If I can factor or put this into partial fractions, I can use the table here to convert: https://lpsa.swarthmore.edu/LaplaceZTable/LaplaceZFuncTable.html


$ \frac{1}{s+a} = e^{-at}$

But I don't know how to break it down into that form. Is it doable? If so, how?

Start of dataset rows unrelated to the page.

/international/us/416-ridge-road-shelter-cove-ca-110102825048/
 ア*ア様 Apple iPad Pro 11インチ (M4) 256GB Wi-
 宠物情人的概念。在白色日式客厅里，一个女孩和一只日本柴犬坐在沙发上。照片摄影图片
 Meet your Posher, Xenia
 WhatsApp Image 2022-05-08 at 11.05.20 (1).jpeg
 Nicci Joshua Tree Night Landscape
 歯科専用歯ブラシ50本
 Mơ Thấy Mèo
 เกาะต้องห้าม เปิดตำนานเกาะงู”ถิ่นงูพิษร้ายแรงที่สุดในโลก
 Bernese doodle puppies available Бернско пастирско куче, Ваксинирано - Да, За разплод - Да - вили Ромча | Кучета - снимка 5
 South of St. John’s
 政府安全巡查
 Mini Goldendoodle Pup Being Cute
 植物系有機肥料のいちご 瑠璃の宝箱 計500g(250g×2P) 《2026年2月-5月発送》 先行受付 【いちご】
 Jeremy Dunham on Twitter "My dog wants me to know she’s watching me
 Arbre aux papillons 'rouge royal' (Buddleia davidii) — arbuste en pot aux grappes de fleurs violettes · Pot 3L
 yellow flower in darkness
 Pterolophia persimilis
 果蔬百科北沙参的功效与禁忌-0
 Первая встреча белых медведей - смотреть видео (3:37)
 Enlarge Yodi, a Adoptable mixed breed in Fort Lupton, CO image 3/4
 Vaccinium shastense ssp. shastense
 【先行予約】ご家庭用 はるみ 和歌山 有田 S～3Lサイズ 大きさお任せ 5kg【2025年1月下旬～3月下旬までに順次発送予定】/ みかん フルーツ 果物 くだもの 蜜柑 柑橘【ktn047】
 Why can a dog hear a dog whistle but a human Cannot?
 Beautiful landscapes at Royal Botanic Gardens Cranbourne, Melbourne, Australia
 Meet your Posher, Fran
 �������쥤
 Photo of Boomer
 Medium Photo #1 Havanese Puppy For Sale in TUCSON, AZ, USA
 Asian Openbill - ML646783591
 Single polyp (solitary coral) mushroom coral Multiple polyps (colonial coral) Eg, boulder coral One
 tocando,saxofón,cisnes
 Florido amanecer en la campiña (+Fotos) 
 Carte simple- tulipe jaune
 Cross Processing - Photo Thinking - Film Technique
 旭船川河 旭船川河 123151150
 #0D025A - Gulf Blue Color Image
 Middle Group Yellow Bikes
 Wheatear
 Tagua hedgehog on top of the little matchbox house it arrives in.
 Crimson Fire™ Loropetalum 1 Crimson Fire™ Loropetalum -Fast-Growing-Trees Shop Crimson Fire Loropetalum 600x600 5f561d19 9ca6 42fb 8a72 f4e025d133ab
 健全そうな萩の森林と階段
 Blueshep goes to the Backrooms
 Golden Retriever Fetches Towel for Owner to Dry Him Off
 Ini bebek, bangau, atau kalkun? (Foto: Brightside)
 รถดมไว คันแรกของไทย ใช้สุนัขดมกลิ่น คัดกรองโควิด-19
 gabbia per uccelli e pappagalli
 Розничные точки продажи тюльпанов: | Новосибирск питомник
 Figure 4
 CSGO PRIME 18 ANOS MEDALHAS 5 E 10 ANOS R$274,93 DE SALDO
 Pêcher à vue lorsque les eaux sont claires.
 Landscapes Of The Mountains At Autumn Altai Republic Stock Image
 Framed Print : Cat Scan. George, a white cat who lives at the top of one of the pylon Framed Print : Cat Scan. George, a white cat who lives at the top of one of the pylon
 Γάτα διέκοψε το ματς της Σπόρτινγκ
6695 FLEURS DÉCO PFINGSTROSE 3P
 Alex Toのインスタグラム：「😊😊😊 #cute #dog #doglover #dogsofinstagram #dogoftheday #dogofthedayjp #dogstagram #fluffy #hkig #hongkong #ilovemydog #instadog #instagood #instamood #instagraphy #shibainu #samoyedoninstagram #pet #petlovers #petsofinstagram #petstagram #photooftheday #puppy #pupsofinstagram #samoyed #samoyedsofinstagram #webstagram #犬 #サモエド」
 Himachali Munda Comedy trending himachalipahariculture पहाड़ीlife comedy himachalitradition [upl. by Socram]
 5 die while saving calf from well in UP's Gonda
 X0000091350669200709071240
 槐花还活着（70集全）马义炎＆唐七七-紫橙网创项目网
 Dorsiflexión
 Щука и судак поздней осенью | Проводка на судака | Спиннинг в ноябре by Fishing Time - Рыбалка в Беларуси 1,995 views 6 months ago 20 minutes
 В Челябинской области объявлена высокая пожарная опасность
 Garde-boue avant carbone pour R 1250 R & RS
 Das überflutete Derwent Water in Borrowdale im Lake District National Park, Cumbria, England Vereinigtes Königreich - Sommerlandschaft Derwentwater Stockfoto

I have learned how to convert Laplace into the z-domain but I have found some problems with that. In particular, I need continuous time equations to set up the [n-1] and [n-2] etc. samples for the initial run or I won't get useful outputs.

  • 3
    $\begingroup$ I think your question is really how to do partial fraction expansions -- the mathematics site would probably be best for that. $\endgroup$ Commented Dec 23, 2019 at 1:44
  • 1
    $\begingroup$ Is $Fk(s)$ the Laplace transform of a signal, or is it a transfer function in the Laplace domain? $\endgroup$
    – TimWescott
    Commented Dec 23, 2019 at 2:37
  • $\begingroup$ I'm not sure which you'd call it. I don't think it's a transform of a signal. It's just an equation for force using the Laplace domain because it worked well in the derivatives, etc. Ie. It is of the nature that if $F(s) = 1/(s+3)$, then $F(t) = e^{-3t}$ as I have done that sort of conversion with simpler force equations and it worked. This is just too complicated for me to simply match up like that. $\endgroup$
    – mike
    Commented Dec 23, 2019 at 2:44
  • $\begingroup$ Re-reading your question, I see that what you're stuck on is just the partial fraction expansion -- I agree with @DanBoschen that you need learn how to do that. Partial fraction expansion is a topic that should be covered in the typical University course in Calculus, so if you kept your book it's in there somewhere. It should also be covered on the Web, someplace. You'll probably want to plug the numbers into your expression and then do the partial fraction expansion, although with a great deal of work, and the acceptance of complex arithmetic, you could make a general expression. $\endgroup$
    – TimWescott
    Commented Dec 23, 2019 at 3:30
  • $\begingroup$ lol. I never took calculus in unversity. :) But I posted it to math here: math.stackexchange.com/questions/3485053/… and someone gave me a solution. I don't actually need to do partial fraction expansion if that answer is correct. The format it's in as $\frac{1}{(s+a)(s+b)}$ matches one of the conversion cheats from here: lpsa.swarthmore.edu/LaplaceZTable/LaplaceZFuncTable.html $\endgroup$
    – mike
    Commented Dec 23, 2019 at 3:35

1 Answer 1


As per: https://math.stackexchange.com/questions/3485053/how-to-get-partial-fractions-for-this-equation-to-go-from-laplace-to-time-doma

$F(s) = \frac{-2 m k v R}{2mR\left(s-\frac 1{4mR}\left(-mk-\sqrt{m^2k^2-16mkR^2}\right)\right)\left(s-\frac 1{4mR}\left(-mk+\sqrt{m^2k^2-16mkR^2}\right)\right)}$

$F(s) = \frac{-2 m k v R}{2mR}*\frac{1}{\left(s-\frac 1{4mR}\left(-mk-\sqrt{m^2k^2-16mkR^2}\right)\right)\left(s-\frac 1{4mR}\left(-mk+\sqrt{m^2k^2-16mkR^2}\right)\right)}$

$F(s) = - k v *\frac{1}{\left(s-\frac 1{4mR}\left(-mk-\sqrt{m^2k^2-16mkR^2}\right)\right)\left(s-\frac 1{4mR}\left(-mk+\sqrt{m^2k^2-16mkR^2}\right)\right)}$

Then I can use:

$\frac{1}{(s+a)(s+b)} = \frac{e^{-at}-e^{-bt}}{b-a}$

And that should do it!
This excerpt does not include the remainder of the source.